Originally posted by beamnet
Is there a way to measure the right bias point? I know you can find the bias point for a guitar amp with a scope, but can you empirically determine the bias point for a hifi amp too? so far my searches have been unsuccesfull.
The idea that you can find an "optimum" bias point with an o'scope is nonsense. That has caused a lot of problems. By one interpretation, you severely underbias, and by another, overbias. The best idea is to bias as close to Class A as you can get, consistant with the final's Pd rating. Otherwise, there really isn't any "optimum" as with solid state since the transistion from Class A to Class B is considerably slower with VTs than it is with transistors.

If your working Pd is 70% -- 80% of the rated Pd(max) then you don't have anywhere else to go. I did a project where I could increase the Pd considerably higher than Pd(max) and get a decided sonic improvement, but those finals were 6BQ6GTBs -- a TV horizontal deflection type that was rated very conservatively (consistant with the demanding service: max RMS power output for hours a day for years at a time -- even then HD finals were the first VTs to go in TV's) and so didn't red plate at Pd= 18.5W despite the Pd(max)= 12W. You won't get away with that with audio finals.

beamnet 4th December 2008 06:35 PM

The bucket style sockets are awesomeness. The heftiest sockets of all in my opion. Most people think they are ugly, I think they rock!

There are two ways of getting them out better. If they are "audiophile" is up to the reader:

-Lubricate them! Using graphite or copper fat. Mak shure not to short the pins out.

-Gold plate the pins or add a thin layer of solder to them. They are very rough the pins making for hard removal. smoothing them out helps. Lead is a fairly good "lubricant".

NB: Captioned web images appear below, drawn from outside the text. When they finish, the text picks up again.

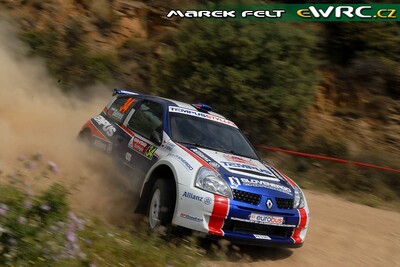 Jozef Béreš jun. - Petr Starý
4º Rally d'Italia Sardegna 2007. Renault Clio S1600 (KE S 067). Clasificado 25º.

Del 18 al 20 de Mayo, Olbia, Sardinia.
Superficie: tierra.

El Rally constaba de 3 etapas con un total de 1061.84 km de los que 342.86 km divididos en 18 tramos, eran cronometrados.

Tomaron la salida 82 equipos, finalizaron 67.

© Marek Felt
@@
Palabras clave: Renault;Clio;Cerdeña;Italia;2007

I tried both, but now I just pull them out by force. I made a noose from a small piece of rope and tied it to a handle.

There are sockets with high quality turned contacts. mayb ethese are better...

If you want to part from those four sockets drop me a line!

beamnet 4th December 2008 07:28 PM

Oh I forgot: No, no feedback. Had some, only marginal improvement, missed the attack of the amp without. Micht add it again once I learn more about it. I follow the rule: make it the best you can without nfb, then add it

richwalters 4th December 2008 07:31 PM

2 Attachment(s)

Originally posted by beamnet

If I bias at higher currents (90-100 mA), the plates start to mildly glow, so I don't want to go there....

The only option is to faithfully listen and settle the electric bill.

Studying a 1950's preamble on the KT66 and KT88, quotes "red hot anode is normal" . There are lots of NOS running cherry hot which have stewed for 10K hrs or more. As to shortening tube life; that despends on how good the materials are.
I'm strongly suspecting the Tung Sol New Edit 6550 isn't made with properly outgassed materials. The getter opposite the anodes has a markedly paler grey boundary after 500 hrs use. pic encl. Proper getter functioning yes, but shortcuts on material quality. Neverless, still an excellent and stable performer. Comments welcome.